Cultiver une culture de la responsabilité
Le FinOps doit confier la responsabilité des dépenses cloud aux équipes qui les engagent. Ces équipes ont besoin des bons outils et des bonnes ressources pour produire des prévisions, suivre leurs coûts et identifier les opportunités d'optimisation.
Elles doivent être formées à un modèle opérationnel qui transfère la responsabilité du cycle de vie complet d'un produit ou service aux équipes d'ingénierie. Ce type de responsabilisation implique de poser des attentes claires pour les équipes de delivery et d'expliciter les conséquences des dépassements de coûts.
L'IT chargeback et l'IT showback sont deux politiques permettant de rattacher les coûts du matériel, des logiciels, des services cloud ou des services partagés à l'unité business qui les consomme. Avec le chargeback, les départements sont facturés selon les ressources technologiques utilisées ; avec le showback, ils sont simplement informés de leur consommation, sans facturation.
Cette nouvelle responsabilisation ne fera pas l'unanimité, mais elle peut amener les Engineers à appréhender leur usage du cloud de manière plus globale et à générer des économies significatives sur le long terme.
Envisager la gamification
Certaines entreprises s'appuient sur des pratiques comptables dépassées qui réduisent les budgets si les centres de coûts ne consomment pas l'intégralité de leur enveloppe sur l'année. Cela n'incite guère à la prudence et débouche plus souvent sur une vague de dépenses en fin d'exercice.
Une autre approche consiste à identifier ce qui motive vos Engineers et à les récompenser par des incitations adaptées. Certaines entreprises recourent à la gamification : classements affichant la dépense cloud de chaque équipe d'ingénierie, mise en avant des résultats lors des réunions de revue, communication large des performances de chaque équipe pour entretenir une saine émulation. Les équipes qui progressent le plus sur la durée reçoivent des récompenses, de la pizza aux vacances.
Le risque, toutefois, c'est que les Engineers se focalisent à tel point sur la réduction des coûts cloud qu'ils finissent par ne plus rien dépenser — et ce n'est pas une stratégie d'optimisation efficace. Les entreprises qui envisagent la gamification comme levier d'optimisation des coûts cloud devraient gamifier d'autres indicateurs que la seule baisse des dépenses, par exemple la hausse des marges attribuable à l'usage du cloud.
Automatiser le processus
Les Engineers ne sont pas naturellement dispendieux. Mais ils ne sont pas non plus enclins à gérer leurs dépenses avec minutie, car leur priorité est de livrer des solutions business qui exploitent la rapidité et la flexibilité du cloud.

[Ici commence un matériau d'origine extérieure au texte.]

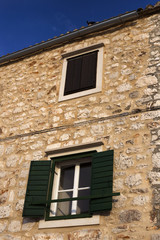 Window on authentic dalmatian building in Stari grad, Hvar island - Croatia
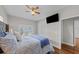 Bright bedroom with a comfortable bed, large TV, and ample closet space at 12116 Lagoon Ln, Treasure Island, FL 33706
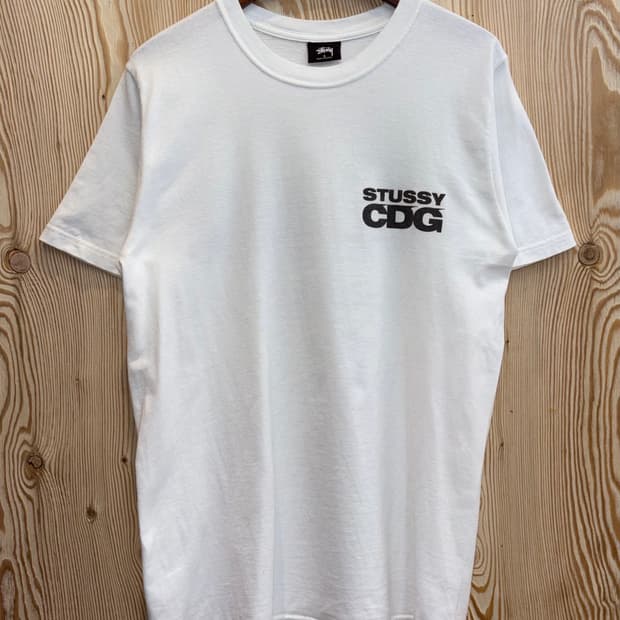 스투시xCDG 서프맨 티셔츠 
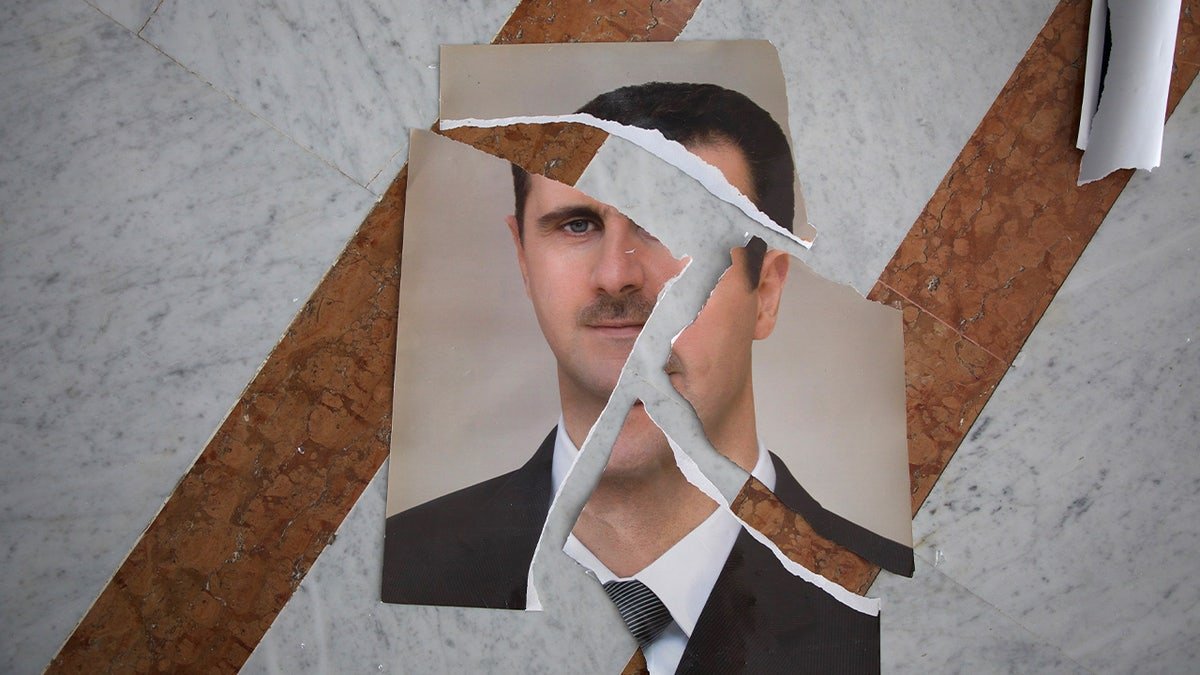 A ripped portrait of Syrian President Bashar al-Assad.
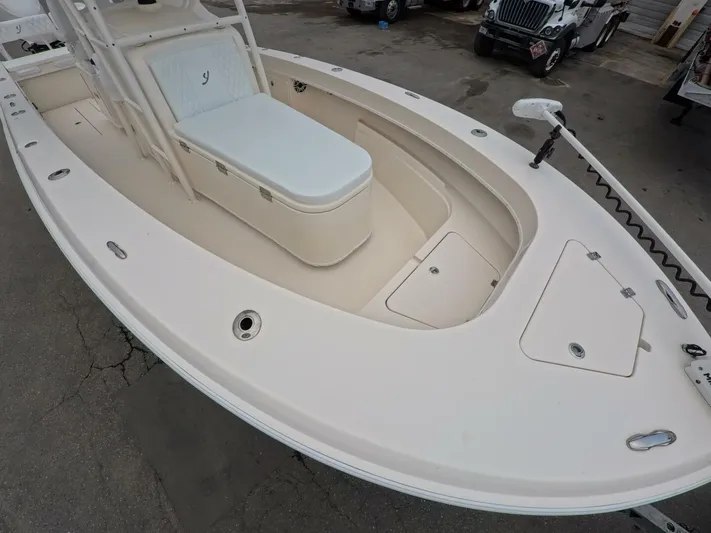  Yacht Photos Pics 2019 Young Boats 27 model, spacious deck with seating and storage, parked outdoors.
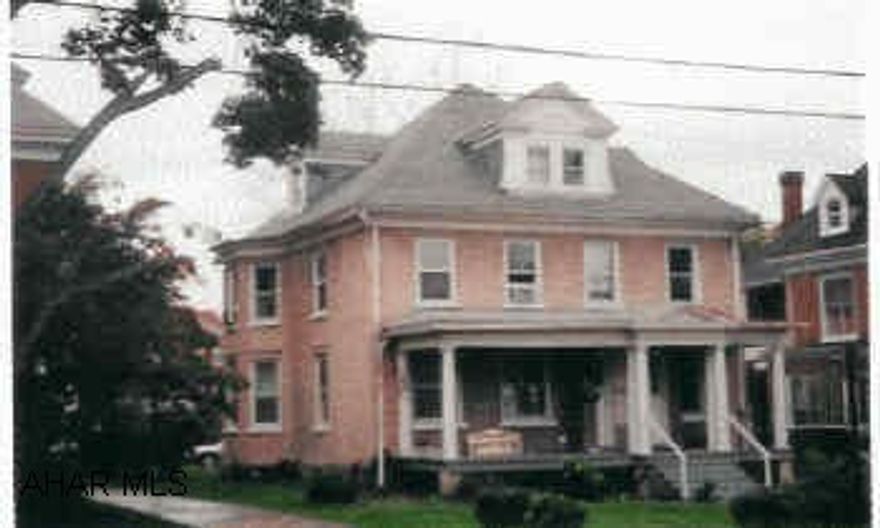 Currently a business, could be a single family residence. Has had some remodeling, nice location, new floors, large rooms.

En revanche, si on leur facilite la gestion du gaspillage, ils saisiront l'occasion. L'automatisation peut jouer un rôle clé pour les aider à repérer les problèmes à l'origine de dépenses inutiles et à les résoudre dès leur apparition. Un produit comme Flexsave de DoiT peut constituer une brique utile de la solution, en automatisant l'optimisation des coûts cloud de manière à permettre aux organisations de maximiser leurs économies.
Obtenir des résultats
Les équipes FinOps qui se donnent pour mission de rallier les Engineers à leurs campagnes d'optimisation ne doivent pas se décourager trop tôt : il n'existe pas de voie infaillible vers une meilleure gestion des coûts cloud. Pour décrocher ces gains marginaux décisifs, il faut adopter une approche collaborative, miser sur l'automatisation et itérer au fil de l'eau. Un soutien fort de la direction est tout aussi indispensable.
À mesure que la part du cloud dans les dépenses technologiques continue de croître, ces pratiques FinOps et d'autres deviendront la norme. À terme, chaque Engineer saura piloter une facture cloud.